▸ **Exercise details**
The whole listing below must be printed again exactly, images excluded.

* * * *

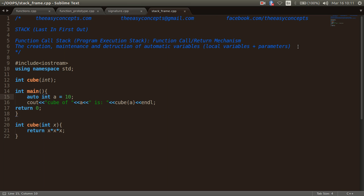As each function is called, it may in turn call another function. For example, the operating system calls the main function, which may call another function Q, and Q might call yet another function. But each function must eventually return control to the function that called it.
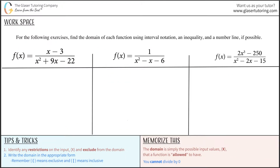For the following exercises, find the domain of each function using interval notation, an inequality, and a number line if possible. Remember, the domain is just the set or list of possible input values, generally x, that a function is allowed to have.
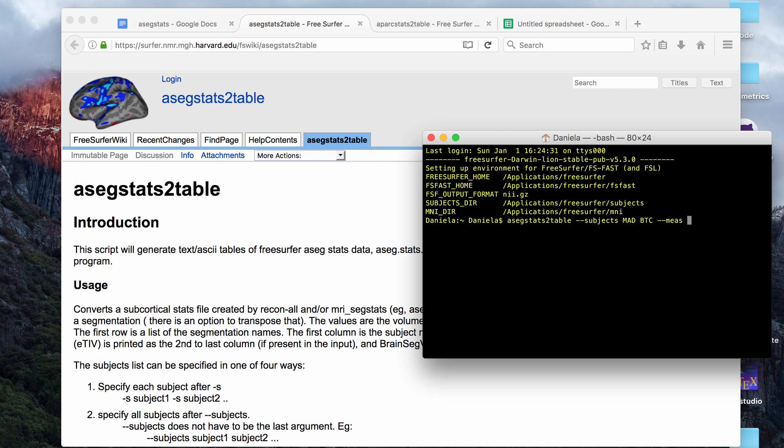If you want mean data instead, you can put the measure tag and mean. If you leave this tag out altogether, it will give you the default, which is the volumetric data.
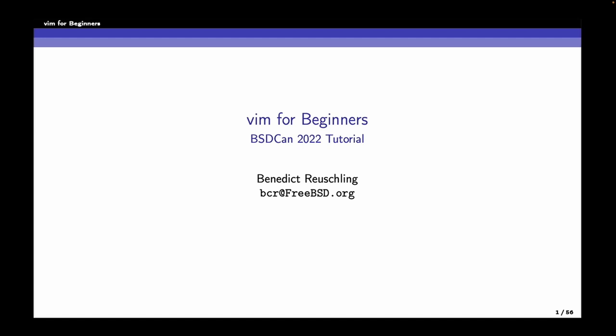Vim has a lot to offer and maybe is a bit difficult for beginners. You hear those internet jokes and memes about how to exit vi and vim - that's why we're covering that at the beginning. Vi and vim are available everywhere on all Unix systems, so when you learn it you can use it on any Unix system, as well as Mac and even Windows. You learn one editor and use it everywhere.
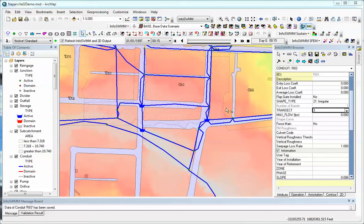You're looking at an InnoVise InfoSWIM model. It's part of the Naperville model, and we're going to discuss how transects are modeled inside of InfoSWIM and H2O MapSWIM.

* * * *

▸ **Answer**
As each function is called, it may in turn call another function. For example, the operating system calls the main function, which may call another function Q, and Q might call yet another function. But each function must eventually return control to the function that called it.
For the following exercises, find the domain of each function using interval notation, an inequality, and a number line if possible. Remember, the domain is just the set or list of possible input values, generally x, that a function is allowed to have.
If you want mean data instead, you can put the measure tag and mean. If you leave this tag out altogether, it will give you the default, which is the volumetric data.
Vim has a lot to offer and maybe is a bit difficult for beginners. You hear those internet jokes and memes about how to exit vi and vim - that's why we're covering that at the beginning. Vi and vim are available everywhere on all Unix systems, so when you learn it you can use it on any Unix system, as well as Mac and even Windows. You learn one editor and use it everywhere.
You're looking at an InnoVise InfoSWIM model. It's part of the Naperville model, and we're going to discuss how transects are modeled inside of InfoSWIM and H2O MapSWIM.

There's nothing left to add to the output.